Öğrencinin neye odaklandığını, odaklanması gerektiğini eğitim kademesi geçişlerinde ve personel seçimindeki sınavlar belirler. Devlet, eğitim sistemindeki olası sapmaları sınavlarla denetler. Demokratik eğitimciler, sınavların, eğitim sistemini değerlendirme yerine öğrencilerin seçiminde araç olarak kullanılmasına itiraz ederler. İtirazlarının önemli gerekçelerinden biri de eşit koşullarda eğitim almamış öğrencilerin sınavlarda eşitlenmeye çalışılmasıdır. Evet, merkezi sınavlara adil olmayan bir süreçten geçerek giren öğrenciler –sorular çalınmadığı sürece- yasal olarak eşitliği tartışılmayan ortak bir sınava girerler.

Galiba AKP genel başkanının canını sıkan da bu; adaletsizliğine rağmen öğrencilerin sınavlarda eşitlenmesi! Erdoğan, dinselleşen eğitimin hizmetine sunacağı ancak ortak sınavda başarı şansı bulunmayan milis adaylarına icazet vermesinin önündeki engeli kaldırmak istiyor.
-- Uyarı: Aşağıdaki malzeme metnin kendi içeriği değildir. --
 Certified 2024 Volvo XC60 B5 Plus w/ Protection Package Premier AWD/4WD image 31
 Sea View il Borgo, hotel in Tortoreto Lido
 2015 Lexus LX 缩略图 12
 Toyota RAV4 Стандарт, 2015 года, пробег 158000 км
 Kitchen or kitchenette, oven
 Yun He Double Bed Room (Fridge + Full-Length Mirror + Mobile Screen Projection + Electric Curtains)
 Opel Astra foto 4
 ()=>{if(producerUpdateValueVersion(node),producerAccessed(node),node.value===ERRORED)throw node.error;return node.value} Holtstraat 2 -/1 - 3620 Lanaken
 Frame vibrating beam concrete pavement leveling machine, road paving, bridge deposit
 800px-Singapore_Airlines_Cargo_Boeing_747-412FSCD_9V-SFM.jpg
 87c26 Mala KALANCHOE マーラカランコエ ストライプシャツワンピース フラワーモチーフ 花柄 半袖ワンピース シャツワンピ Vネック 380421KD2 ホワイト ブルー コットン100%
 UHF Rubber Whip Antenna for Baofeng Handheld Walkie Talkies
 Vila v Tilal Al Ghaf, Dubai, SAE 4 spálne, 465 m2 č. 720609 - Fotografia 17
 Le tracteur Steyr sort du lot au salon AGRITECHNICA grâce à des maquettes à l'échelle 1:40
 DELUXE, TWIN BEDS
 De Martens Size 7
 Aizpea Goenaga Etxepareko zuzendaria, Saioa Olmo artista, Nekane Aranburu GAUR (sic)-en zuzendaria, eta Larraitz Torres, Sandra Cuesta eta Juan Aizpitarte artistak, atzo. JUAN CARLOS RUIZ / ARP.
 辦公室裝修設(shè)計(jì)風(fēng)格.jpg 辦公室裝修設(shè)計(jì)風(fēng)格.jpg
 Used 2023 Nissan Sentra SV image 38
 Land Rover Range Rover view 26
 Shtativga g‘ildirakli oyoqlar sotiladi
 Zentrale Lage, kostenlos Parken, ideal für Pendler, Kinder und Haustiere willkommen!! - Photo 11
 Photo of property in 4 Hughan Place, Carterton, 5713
TEOG, YGS ve LYS gibi sınavlar kaldırılır, yerine benzer başka bir sınav getirilmezse, öğrencilerin bir sonraki okul türlerinden birine yerleştirilmesinde öğrencilik dönemindeki okul başarısının esas alınması gerekir. Öğrencinin mezun olduğu okulu, öğretmeni ve okul yönetimini merkeze yerleştiren sınavsız geçişin eğitim kurumlarını güçlendirip saygınlık kazandıracağı düşünülür. Amacı değerlendirme olmayan sınavlara karşıysanız olması gereken bu dersiniz. Fakat sınavların kaldırılmasına karar verenin eğitime dair her pratiği modern eğitimi ortadan kaldırmaya dönükse orada bir dakika durup düşünmeniz gerekiyor. Hele bu Erdoğan ise iki kez düşünmek zorundasınız.

Erdoğan, sorumluluğunu bürokratlarına bağlayarak berbat durumdaki eğitime iyi amaçlarla müdahale ettiği izlenimi de yaratmak istiyor. Toplum, müfredata verdiği tepki ile Erdoğan iktidarının 15 yılı ile bu alanda hesaplaşacağının işaretlerini veriyor. Müfredat tartışmasının Erdoğan iktidarlarının eğitim anlayışının sorgulanmasına vesile olması ve Eğitim Bakanlığının ikna edici açıklama getirememesi Erdoğan’ı tedirgin etti. Eğitime dair her adımları, halkın yönetiminden umudunu kesmesine vesile olan Erdoğan, kötü gidişe dur diyen iyi polis rolünü üstleniyor. Hem de bir başöğretmen edasıyla!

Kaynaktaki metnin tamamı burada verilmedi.